──────── Dataset records

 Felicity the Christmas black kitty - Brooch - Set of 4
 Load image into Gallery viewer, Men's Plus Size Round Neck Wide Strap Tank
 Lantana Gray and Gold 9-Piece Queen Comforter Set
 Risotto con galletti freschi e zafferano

────────────────
──────── Dataset records

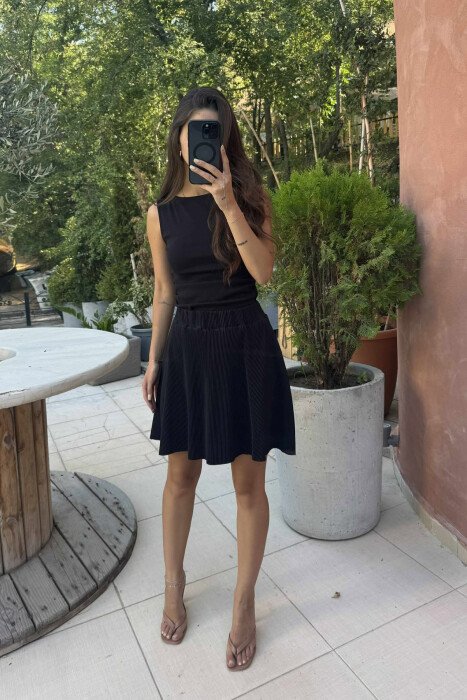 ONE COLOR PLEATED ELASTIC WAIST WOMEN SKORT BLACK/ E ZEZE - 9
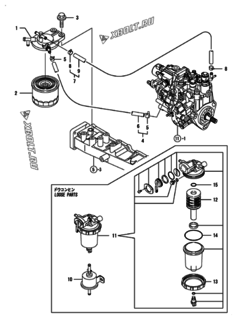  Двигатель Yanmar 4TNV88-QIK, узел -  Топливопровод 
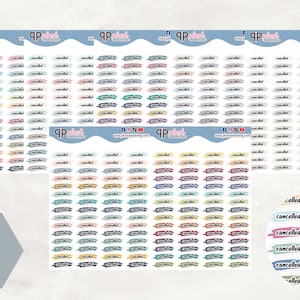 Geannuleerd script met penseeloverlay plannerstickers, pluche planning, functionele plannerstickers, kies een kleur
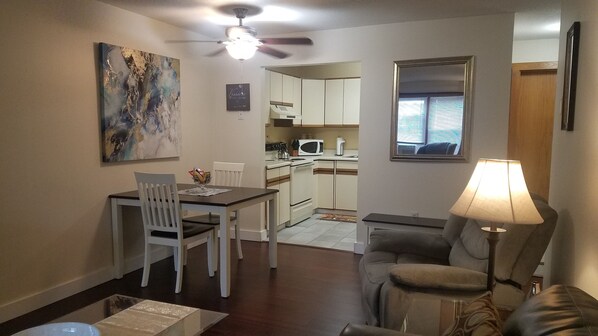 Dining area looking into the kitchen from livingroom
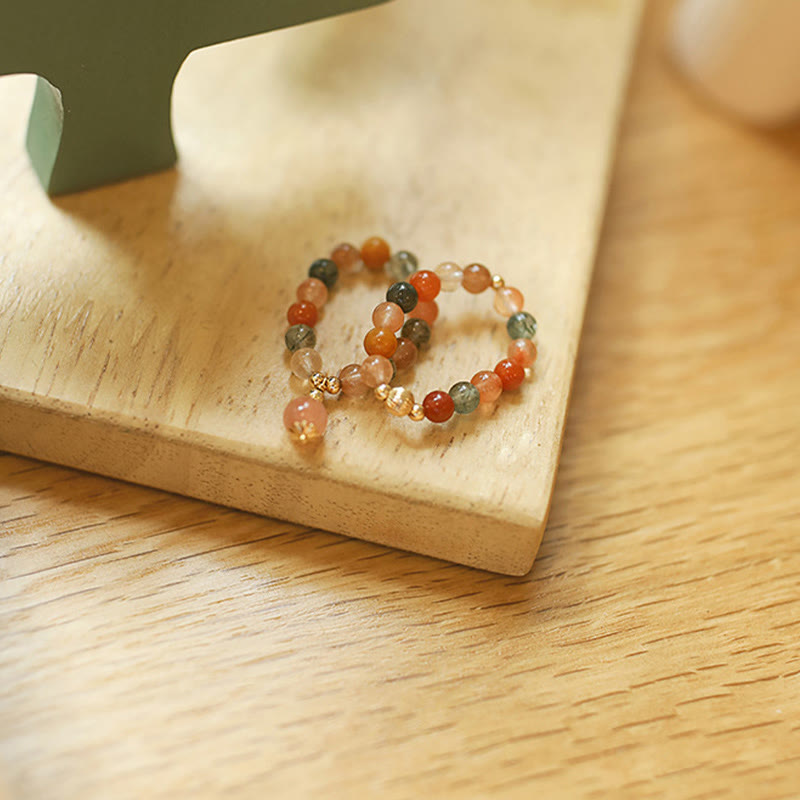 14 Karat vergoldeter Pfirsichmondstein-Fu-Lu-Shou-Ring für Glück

────────────────

In the entries above, one line contains "Felicity the Christmas" and another contains "Risotto con galletti freschi e zafferano". Reproduce exactly those two lines and the lines between them, nothing else.

 Felicity the Christmas black kitty - Brooch - Set of 4
 Load image into Gallery viewer, Men's Plus Size Round Neck Wide Strap Tank
 Lantana Gray and Gold 9-Piece Queen Comforter Set
 Risotto con galletti freschi e zafferano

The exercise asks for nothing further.